**Exercise goal**.
The reply should be the records repeated exactly, without any images.

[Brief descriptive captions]
=== Section Start ===
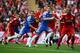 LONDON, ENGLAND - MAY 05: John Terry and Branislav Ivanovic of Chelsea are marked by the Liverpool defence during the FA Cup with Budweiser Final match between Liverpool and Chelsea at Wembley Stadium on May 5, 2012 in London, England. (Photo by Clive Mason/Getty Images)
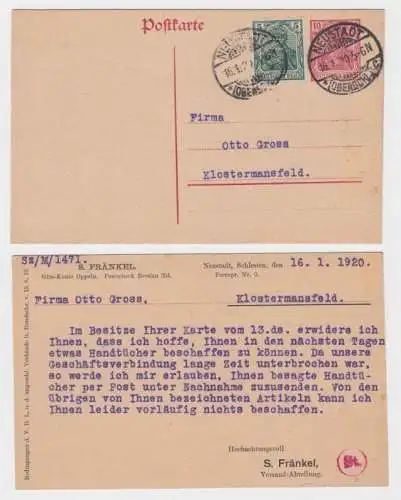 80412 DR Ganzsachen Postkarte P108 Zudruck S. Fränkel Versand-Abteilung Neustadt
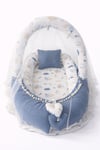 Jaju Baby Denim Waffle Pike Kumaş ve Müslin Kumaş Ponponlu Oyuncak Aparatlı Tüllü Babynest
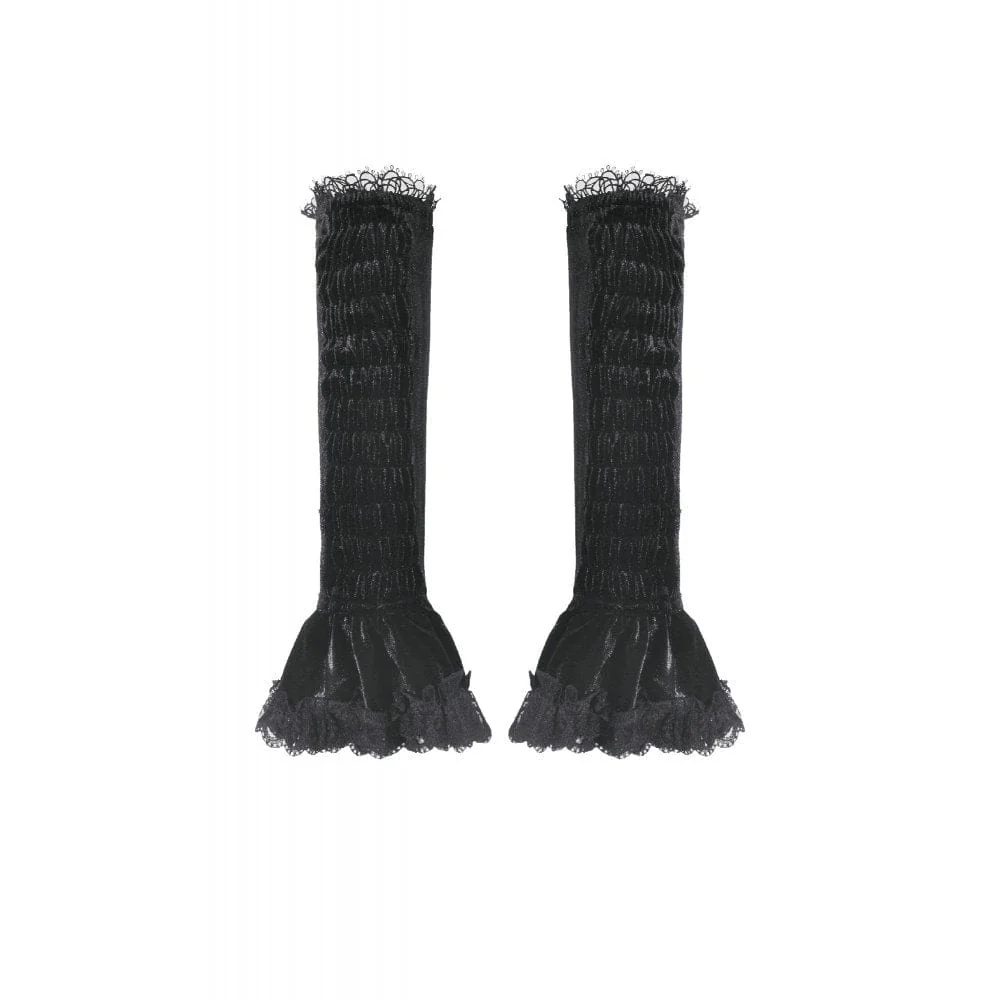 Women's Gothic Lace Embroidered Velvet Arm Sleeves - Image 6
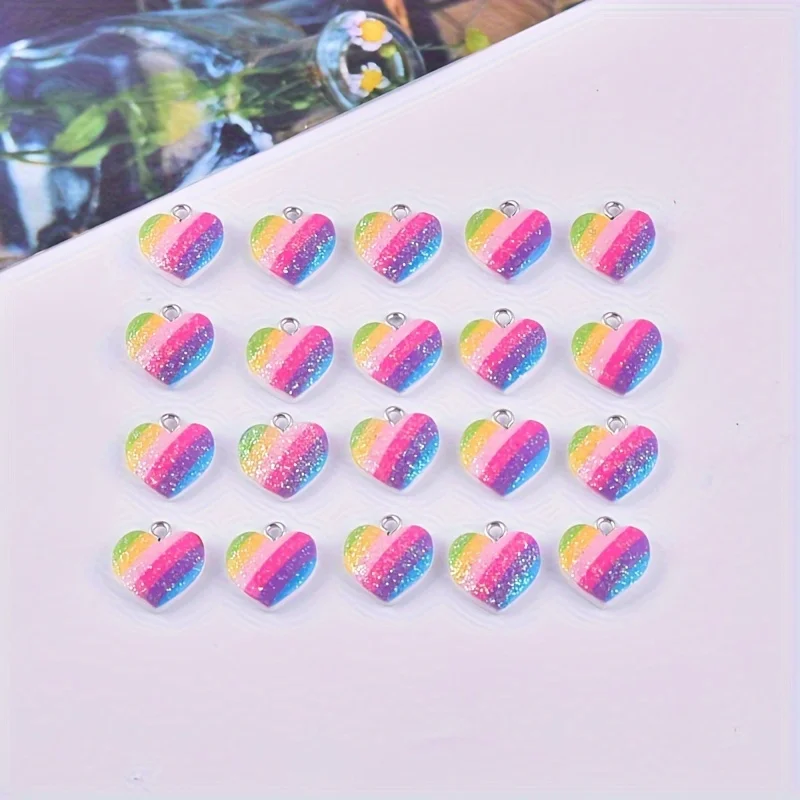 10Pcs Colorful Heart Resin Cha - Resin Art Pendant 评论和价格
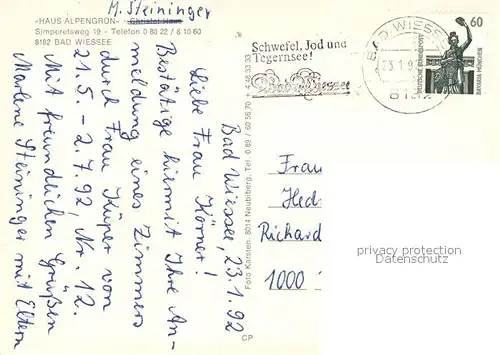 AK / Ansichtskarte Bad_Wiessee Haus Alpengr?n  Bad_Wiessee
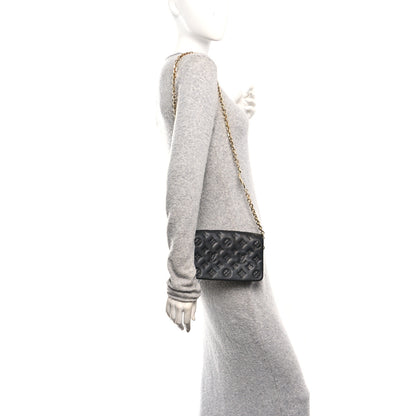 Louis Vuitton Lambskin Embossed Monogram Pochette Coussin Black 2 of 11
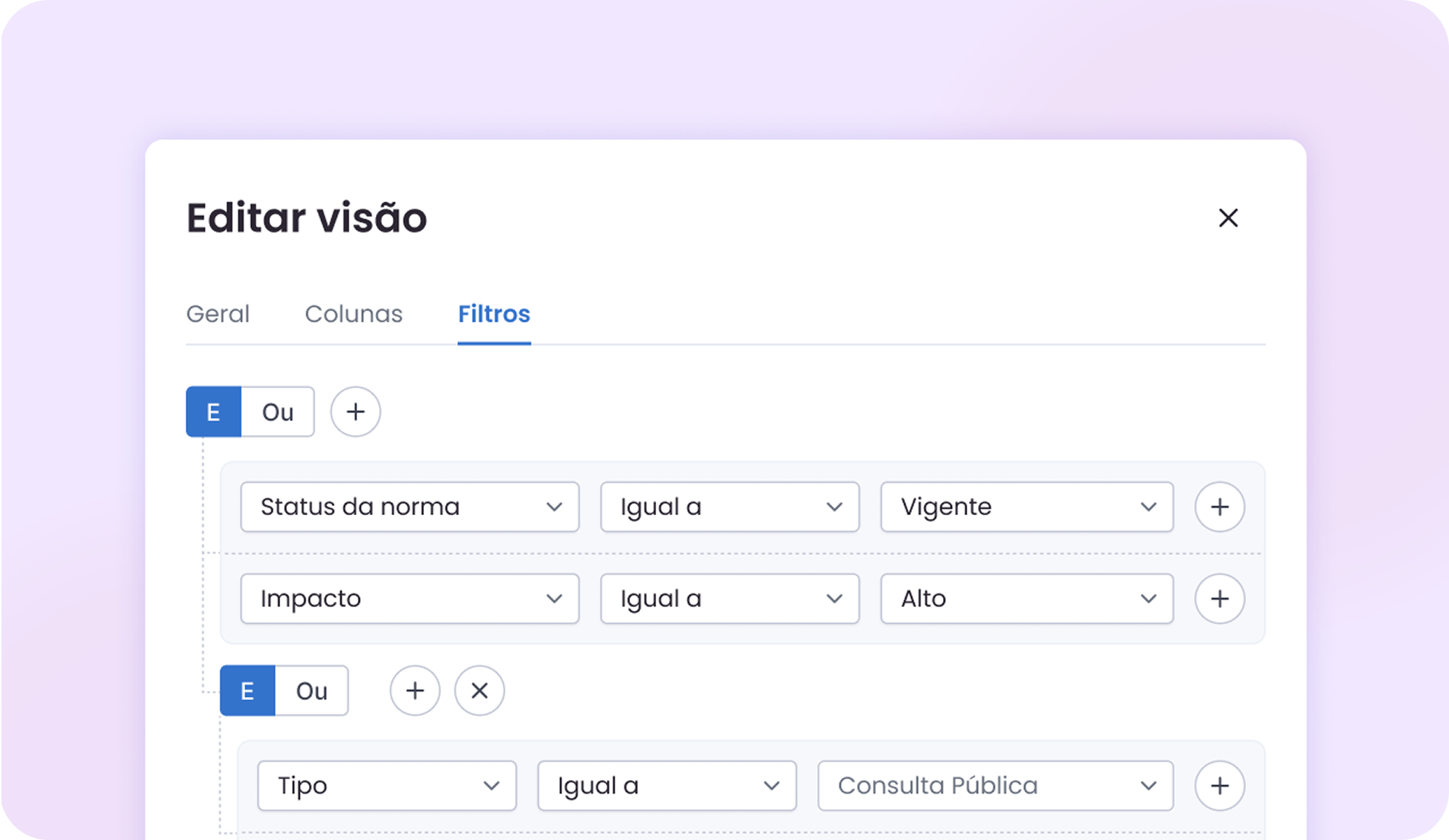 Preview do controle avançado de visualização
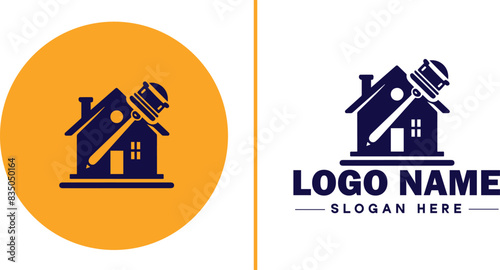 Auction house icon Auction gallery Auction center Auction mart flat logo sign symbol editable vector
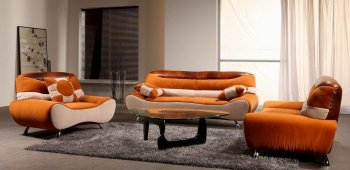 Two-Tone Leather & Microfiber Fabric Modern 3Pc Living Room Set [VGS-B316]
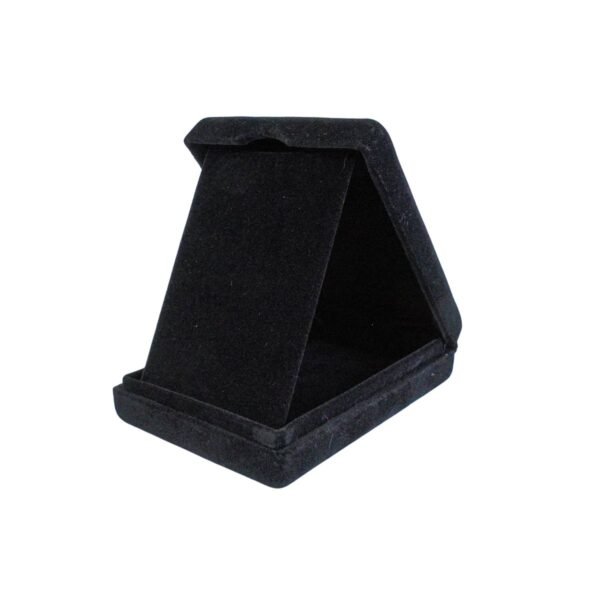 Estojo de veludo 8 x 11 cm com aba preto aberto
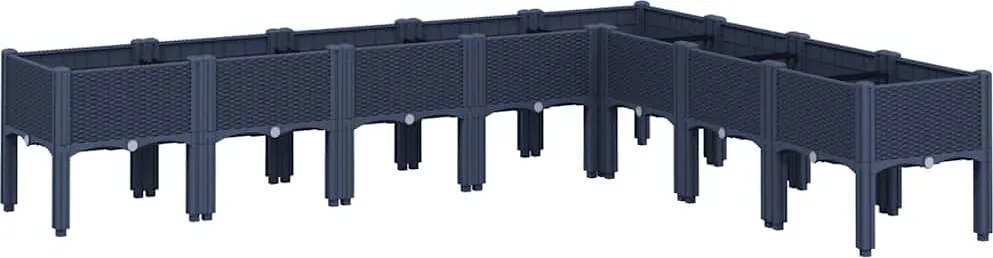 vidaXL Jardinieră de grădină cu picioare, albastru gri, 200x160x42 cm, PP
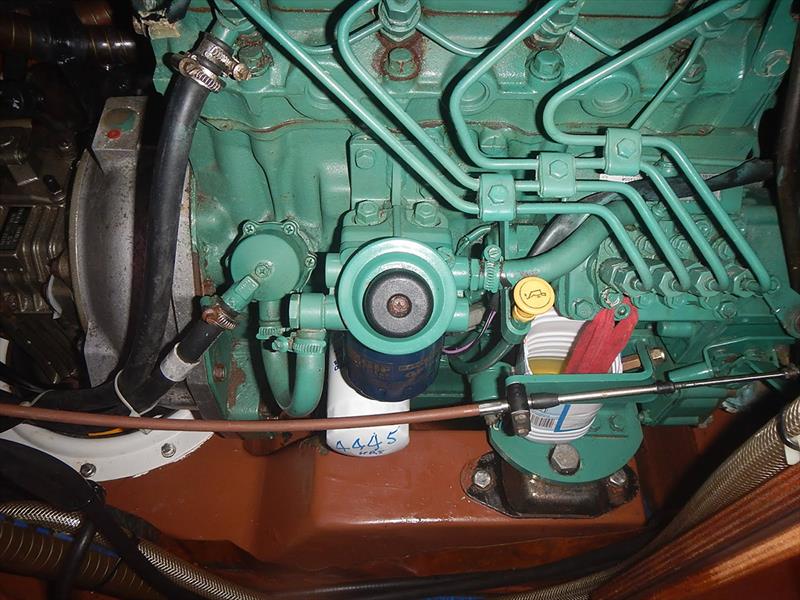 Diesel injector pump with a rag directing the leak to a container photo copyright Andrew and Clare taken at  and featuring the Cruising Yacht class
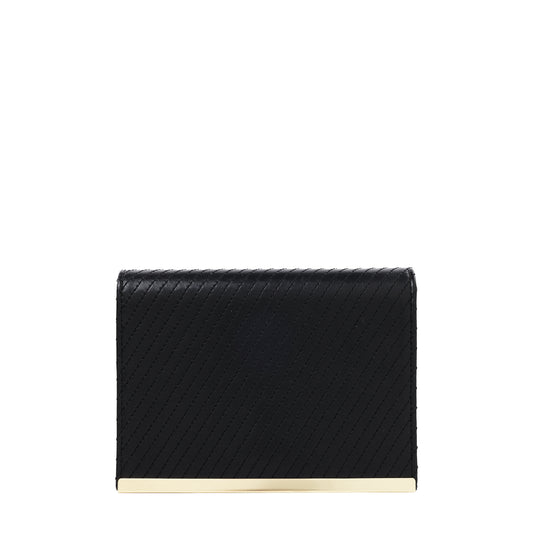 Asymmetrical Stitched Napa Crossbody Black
=== Section End ===
**Solved problem**.
 LONDON, ENGLAND - MAY 05: John Terry and Branislav Ivanovic of Chelsea are marked by the Liverpool defence during the FA Cup with Budweiser Final match between Liverpool and Chelsea at Wembley Stadium on May 5, 2012 in London, England. (Photo by Clive Mason/Getty Images)
 80412 DR Ganzsachen Postkarte P108 Zudruck S. Fränkel Versand-Abteilung Neustadt
 Jaju Baby Denim Waffle Pike Kumaş ve Müslin Kumaş Ponponlu Oyuncak Aparatlı Tüllü Babynest
 Women's Gothic Lace Embroidered Velvet Arm Sleeves - Image 6
 10Pcs Colorful Heart Resin Cha - Resin Art Pendant 评论和价格
 AK / Ansichtskarte Bad_Wiessee Haus Alpengr?n  Bad_Wiessee
 Louis Vuitton Lambskin Embossed Monogram Pochette Coussin Black 2 of 11
 Preview do controle avançado de visualização
 Auction house icon Auction gallery Auction center Auction mart flat logo sign symbol editable vector
 Two-Tone Leather & Microfiber Fabric Modern 3Pc Living Room Set [VGS-B316]
 Estojo de veludo 8 x 11 cm com aba preto aberto
 vidaXL Jardinieră de grădină cu picioare, albastru gri, 200x160x42 cm, PP
 Diesel injector pump with a rag directing the leak to a container photo copyright Andrew and Clare taken at  and featuring the Cruising Yacht class
 Asymmetrical Stitched Napa Crossbody Black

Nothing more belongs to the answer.